The Eighth in a Series of Sermons on Ephesians
I grew up in churches in which the pastor would often declare “we have no creed but Christ” without noticing that his own assertion was a creed. In the first six verses of Ephesians 4, we find an apostolic creed–“one Lord, one faith, one baptism, one God and Father of all”–a creed possibly used in Christian worship, and certainly used to identify those doctrines held in common by Christians in the apostolic churches, such as the church in Ephesus. It is not an accident that this creed appears in that section of Ephesians in which is Paul stressing the importance of Christian unity. Christians may have a common experience of the risen Christ’s presence in our midst through word and sacrament, but it is our common confession of faith which serves as our collective testimony to the truth of God’s work in our midst. When we confess our faith together as one body with the words, “one Lord, one faith, one baptism, one Father of all,” we are confessing that God has made us one before the eyes of the watching world.

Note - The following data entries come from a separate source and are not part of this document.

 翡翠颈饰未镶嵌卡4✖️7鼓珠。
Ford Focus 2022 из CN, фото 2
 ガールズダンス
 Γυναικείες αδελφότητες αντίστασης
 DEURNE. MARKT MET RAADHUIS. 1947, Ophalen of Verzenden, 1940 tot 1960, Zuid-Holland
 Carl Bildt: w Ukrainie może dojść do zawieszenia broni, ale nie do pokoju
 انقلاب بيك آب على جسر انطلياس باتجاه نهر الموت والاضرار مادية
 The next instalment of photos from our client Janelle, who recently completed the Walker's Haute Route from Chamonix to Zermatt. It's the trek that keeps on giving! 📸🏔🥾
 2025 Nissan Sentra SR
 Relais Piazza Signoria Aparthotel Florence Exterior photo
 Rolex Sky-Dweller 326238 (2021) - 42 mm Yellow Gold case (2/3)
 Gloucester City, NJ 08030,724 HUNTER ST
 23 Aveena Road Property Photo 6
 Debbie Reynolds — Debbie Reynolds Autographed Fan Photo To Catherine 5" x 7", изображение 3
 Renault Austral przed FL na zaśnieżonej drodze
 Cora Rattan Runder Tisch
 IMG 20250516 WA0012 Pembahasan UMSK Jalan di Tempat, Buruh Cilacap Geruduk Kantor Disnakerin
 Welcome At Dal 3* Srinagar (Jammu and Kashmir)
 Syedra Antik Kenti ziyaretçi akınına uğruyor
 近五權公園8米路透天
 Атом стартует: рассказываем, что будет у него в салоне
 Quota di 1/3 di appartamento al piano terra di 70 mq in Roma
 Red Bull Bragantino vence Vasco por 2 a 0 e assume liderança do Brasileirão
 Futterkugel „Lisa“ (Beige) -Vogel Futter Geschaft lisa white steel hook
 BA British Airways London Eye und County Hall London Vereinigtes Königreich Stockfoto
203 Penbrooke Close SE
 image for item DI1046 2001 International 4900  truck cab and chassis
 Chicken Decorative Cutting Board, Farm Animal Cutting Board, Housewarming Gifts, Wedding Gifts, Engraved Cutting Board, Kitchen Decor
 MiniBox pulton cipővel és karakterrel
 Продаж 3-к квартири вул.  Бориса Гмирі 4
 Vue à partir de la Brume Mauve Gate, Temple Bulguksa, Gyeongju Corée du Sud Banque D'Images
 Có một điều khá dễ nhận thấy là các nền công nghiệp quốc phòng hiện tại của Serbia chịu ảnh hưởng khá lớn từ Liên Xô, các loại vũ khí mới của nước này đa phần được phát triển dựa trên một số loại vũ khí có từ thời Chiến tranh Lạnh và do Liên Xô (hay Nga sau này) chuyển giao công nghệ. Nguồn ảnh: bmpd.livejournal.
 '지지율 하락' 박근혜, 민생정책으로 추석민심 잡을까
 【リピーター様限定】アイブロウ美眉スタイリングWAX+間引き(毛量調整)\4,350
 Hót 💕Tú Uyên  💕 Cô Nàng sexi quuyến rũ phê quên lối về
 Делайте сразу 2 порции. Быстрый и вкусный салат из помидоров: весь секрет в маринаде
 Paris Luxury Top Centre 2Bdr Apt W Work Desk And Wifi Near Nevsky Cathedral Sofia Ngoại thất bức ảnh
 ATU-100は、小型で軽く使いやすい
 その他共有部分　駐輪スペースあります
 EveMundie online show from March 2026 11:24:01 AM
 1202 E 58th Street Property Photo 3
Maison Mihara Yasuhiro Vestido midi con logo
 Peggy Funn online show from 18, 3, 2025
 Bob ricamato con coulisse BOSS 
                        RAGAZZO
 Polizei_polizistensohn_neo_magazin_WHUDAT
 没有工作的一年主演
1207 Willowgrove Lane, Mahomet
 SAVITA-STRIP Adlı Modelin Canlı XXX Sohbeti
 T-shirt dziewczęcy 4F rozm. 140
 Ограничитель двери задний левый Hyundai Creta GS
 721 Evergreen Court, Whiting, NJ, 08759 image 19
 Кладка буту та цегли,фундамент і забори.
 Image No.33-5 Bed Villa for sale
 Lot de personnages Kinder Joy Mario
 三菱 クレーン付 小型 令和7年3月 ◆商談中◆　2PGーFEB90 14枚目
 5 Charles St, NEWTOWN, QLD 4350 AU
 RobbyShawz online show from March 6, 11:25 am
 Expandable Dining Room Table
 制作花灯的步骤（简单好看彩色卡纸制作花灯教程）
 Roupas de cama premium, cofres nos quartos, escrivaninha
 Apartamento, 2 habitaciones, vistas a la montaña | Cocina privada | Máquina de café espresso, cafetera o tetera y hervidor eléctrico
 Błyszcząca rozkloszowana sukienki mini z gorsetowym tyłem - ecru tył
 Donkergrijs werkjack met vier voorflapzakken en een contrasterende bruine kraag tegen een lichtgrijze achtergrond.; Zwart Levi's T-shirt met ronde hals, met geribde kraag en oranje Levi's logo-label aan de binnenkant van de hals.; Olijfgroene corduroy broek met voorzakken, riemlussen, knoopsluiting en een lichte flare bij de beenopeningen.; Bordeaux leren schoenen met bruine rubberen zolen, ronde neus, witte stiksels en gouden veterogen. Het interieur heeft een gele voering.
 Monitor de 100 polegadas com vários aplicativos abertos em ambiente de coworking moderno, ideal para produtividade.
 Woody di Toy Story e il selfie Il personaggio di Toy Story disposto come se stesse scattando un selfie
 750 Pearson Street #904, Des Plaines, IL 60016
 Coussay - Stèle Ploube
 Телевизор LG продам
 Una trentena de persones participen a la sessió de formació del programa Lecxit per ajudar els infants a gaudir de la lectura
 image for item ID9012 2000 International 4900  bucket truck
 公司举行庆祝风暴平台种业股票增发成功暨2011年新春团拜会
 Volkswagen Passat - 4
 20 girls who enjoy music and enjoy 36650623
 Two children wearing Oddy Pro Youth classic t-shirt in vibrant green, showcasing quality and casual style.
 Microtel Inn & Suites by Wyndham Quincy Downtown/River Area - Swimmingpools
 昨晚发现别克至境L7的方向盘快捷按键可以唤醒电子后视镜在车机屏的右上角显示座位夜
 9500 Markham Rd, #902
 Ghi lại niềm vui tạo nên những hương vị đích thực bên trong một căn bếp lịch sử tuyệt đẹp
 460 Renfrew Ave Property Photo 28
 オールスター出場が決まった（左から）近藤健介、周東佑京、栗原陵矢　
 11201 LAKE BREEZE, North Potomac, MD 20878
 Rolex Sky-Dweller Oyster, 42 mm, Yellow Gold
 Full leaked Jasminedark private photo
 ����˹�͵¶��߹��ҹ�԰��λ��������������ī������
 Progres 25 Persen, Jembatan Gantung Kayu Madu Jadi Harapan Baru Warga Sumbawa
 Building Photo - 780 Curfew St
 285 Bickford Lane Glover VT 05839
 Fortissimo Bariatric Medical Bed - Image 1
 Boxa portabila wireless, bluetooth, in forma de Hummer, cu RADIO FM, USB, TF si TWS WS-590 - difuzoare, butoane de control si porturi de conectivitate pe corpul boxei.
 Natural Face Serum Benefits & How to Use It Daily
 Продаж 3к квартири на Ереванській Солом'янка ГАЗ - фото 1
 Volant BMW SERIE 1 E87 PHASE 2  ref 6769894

We return to our series on Paul’s letter to the Ephesians, and we pick up where we left off with the opening verses of Ephesians 4. It has been a number of weeks since we worked our way through the first half of this epistle, so I would like to spend the first part of our time doing a brief recap of the opening chapters, before turning to Paul’s discussion of Christian unity in Ephesians 4:1-6.
Not only would a brief recap of the first three chapters of Ephesians be helpful to get us all up to speed after our hiatus, it is also vital, because as we move into the second half of Ephesians and turn to the so-called “application” section of this letter (chapters 4-6) we need to keep in mind what is being applied in these verses–the doctrine set forth by Paul in the first three chapters.
Paul’s call for unity in Ephesians 4 makes little sense without considering how it is that Jesus redeemed us from our sin, and how (prior to God saving us) we were dead in sin and enslaved to the sinful desires with which we were born. Jews and Gentiles had been divided before the coming of Christ, but now in Christ, whatever racial and cultural differences existed between them are no longer to divide God’s people. Christ tore down the barrier wall by reconciling both groups to God through the cross. The two peoples (Jew and Gentile) have been made one.